Big Switch Networks Embraces VMware NSX

Big Switch Networks is trying to introduce a level of network agility that is currently missing from most data center environments, according to Big Switch's Prashant Gandhi. IT organizations want to be able to embrace an open SDN platform that supports both NSX and emerging open source technologies.

Looking to bridge a growing divide inside the data center Big Switch Networks announced today at the Open Network User Group (ONUG) Spring 2015 conference that its software-defined network (SDN) can now be integrated with NSX network virtualization software from VMware.

Prashant Gandhi, vice president of product management and strategy for Big Switch Networks, says that because NSX is widely deployed, IT organizations want to be able to embrace an open SDN platform that supports both NSX and emerging open source technologies that are deployed directly on top of x86 servers or commodity silicon, rather than switches based on proprietary ASIC processors.
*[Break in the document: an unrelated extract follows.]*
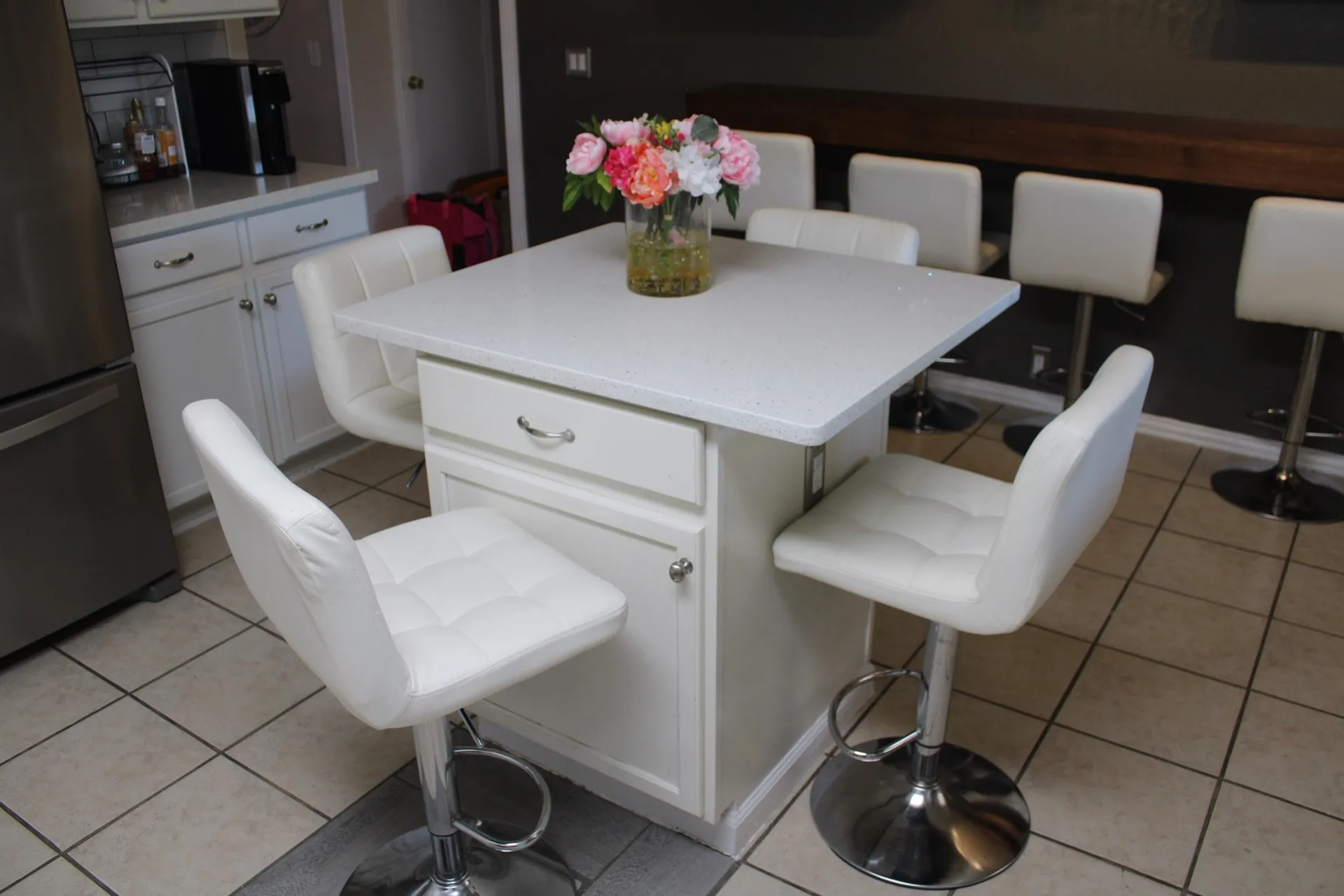Kitchen island with white countertop, white cabinetry with silver hardware, and tile flooring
In addition to supporting NSX, version 2.6 of the Big Cloud Fabric (BCF) controller from Big Switch Networks can also be integrated with VMware vCenter Server management software to simplify administration across both environments.

Finally, Big Switch Networks has also included flow tracing abilities across the fabric topology regardless of the type of source leaf switch, associated spine switch or destination leaf switch implemented. In addition, Gandhi says BCF also enables administrators to keep virtual machine and host properties, virtual machine mobility events, and host connectivity to the BCF leaf switches.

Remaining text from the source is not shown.